Exercise materials:

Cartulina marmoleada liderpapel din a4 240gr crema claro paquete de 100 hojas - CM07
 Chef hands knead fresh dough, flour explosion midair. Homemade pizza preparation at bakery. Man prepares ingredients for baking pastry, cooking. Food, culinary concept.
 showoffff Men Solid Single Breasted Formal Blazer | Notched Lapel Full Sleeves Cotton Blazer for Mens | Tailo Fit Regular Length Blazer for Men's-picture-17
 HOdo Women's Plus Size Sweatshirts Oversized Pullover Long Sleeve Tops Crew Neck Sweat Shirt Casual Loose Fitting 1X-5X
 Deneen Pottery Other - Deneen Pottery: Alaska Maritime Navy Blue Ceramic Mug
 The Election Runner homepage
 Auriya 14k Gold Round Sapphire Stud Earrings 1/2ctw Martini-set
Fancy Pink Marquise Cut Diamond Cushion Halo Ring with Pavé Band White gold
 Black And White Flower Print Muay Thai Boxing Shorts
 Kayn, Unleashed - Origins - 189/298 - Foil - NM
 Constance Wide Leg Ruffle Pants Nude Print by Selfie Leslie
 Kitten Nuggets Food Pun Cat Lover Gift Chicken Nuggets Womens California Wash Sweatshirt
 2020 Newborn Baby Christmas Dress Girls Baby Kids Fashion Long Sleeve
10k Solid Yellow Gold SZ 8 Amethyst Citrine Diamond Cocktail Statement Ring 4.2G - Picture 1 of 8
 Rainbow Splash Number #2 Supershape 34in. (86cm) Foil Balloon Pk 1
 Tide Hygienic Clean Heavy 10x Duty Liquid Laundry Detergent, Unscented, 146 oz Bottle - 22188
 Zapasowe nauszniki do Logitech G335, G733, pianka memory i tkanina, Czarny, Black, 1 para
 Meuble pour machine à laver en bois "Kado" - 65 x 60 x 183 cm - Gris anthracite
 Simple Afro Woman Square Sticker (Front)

About this task: In the material above, how many lines include the word "Black"? State that number alone.

Written solution: 2